An irony inherent to many standards is that to properly apply a standard of performance, one must often account for significant variability. For example, if an airport and an office building each wanted to showcase their focus on human health and well-being, they might both pursue a WELL Certification. However, what makes for a people-first airport is not exactly the same as what makes for a people-first office.
Accounting for variability
In the bad old days, employees from the airport and from the office building would have to spend hours, if not days, combing through a PDF – or, more cumbersome still, printed – copy of their chosen standard, picking out what they think applies to them and what they think doesn’t, all before they could even go to their bosses with an idea of what the standard requires of them, what the application process and timeline looks like, and what stakeholders will be involved. It’s a hard sell to the first person who needs to be your advocate.
Enter a new phase
With a properly set up online account and digital standard, you can get all that information in that person’s hands practically instantly. Considering that some standards require an email inquiry and subsequent wait to even begin to look at the standard, that’s a huge improvement. During the process of setting up an online account, the user can input the specifics of their project, product, or other path. This information can be used to tailor the user experience to showcase only relevant parts of the standard, so the person trying to decide if this is right for their office building doesn’t have to flip past pages about baggage claim areas.
In fact, quite the opposite.
Using an account can simplify the onboarding process by immediately bringing to the fore the information most necessary for an organization to act:
Requirements of the standard specific to their use case
What actions will be required, and on what timeline, to pursue the standard
Which stakeholders the documentation will require information from
That empowers that first-line advocate we talked about to come straight back to their boss with an informed, clear strategy and set of next steps.
The utility of the online account doesn’t end at the point of sign-up, of course. Another incredible synergy of an online account and digital standard is the ability to keep an up-to-date checklist. The account allows the checklist to reflect what has already been completed, while the digital standard maintains the list of requirements – again, tailored to the project. Having this information readily available in a parsable, visual format helps users know what’s been done, what needs doing next, and whom they should look to for help with it. It also streamlines collaboration, so team members can see others’ progress in real time.
While a smart standard accounts for many of the foreseeable variables in the field, there will always be edge cases and questions. It only makes sense to provide a way for those to be addressed in the “one-stop shop” being cultivated by embracing an online account and digital standard. By providing online support in the same platform, you make it easier for users to find the answers they’re looking for, in the very same interface where they’re tracking their progress and taking their cues.
The kinds of questions you are likely to receive in the certification space are typically more technical and involved than your average customer support inquiry. For this reason, Syscore recommends asynchronous support. Once your team has had a chance to confer and weigh in, and with the right management and middleware, the answer can appear directly in the account interface, so all team members can view it.

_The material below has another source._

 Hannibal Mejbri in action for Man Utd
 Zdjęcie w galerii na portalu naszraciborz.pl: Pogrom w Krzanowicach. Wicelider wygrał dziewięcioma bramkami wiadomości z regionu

Further aiding transparency and collaboration, online accounts empower a more open digital review process. In that same spirit of collaboration, the online account helps keep the review process from becoming a “black box.” Users can track the progress of their reviews, and reviewers can easily work with users to address gaps in documentation, lingering questions, or quick feedback. Without the ready-made communication platform of the online account, too often, the only time an issue with an application is communicated is at the end of the process, potentially resulting in a rejection that may never be rectified.
Make success simple
The combination of online accounts and digital standards can help breathe life into the frequently plodding, labyrinthine certification process. It opens up new lines of communication, new avenues of collaboration, and new windows of transparency. This is a powerful combination that makes it easier to:
Decide to engage with your standard
Pursue certification intelligently and strategically
Clarify and address application issues
Achieve certification
All told, that makes your brand and your standard easier to engage with, easier to partner with, and easier to grow with.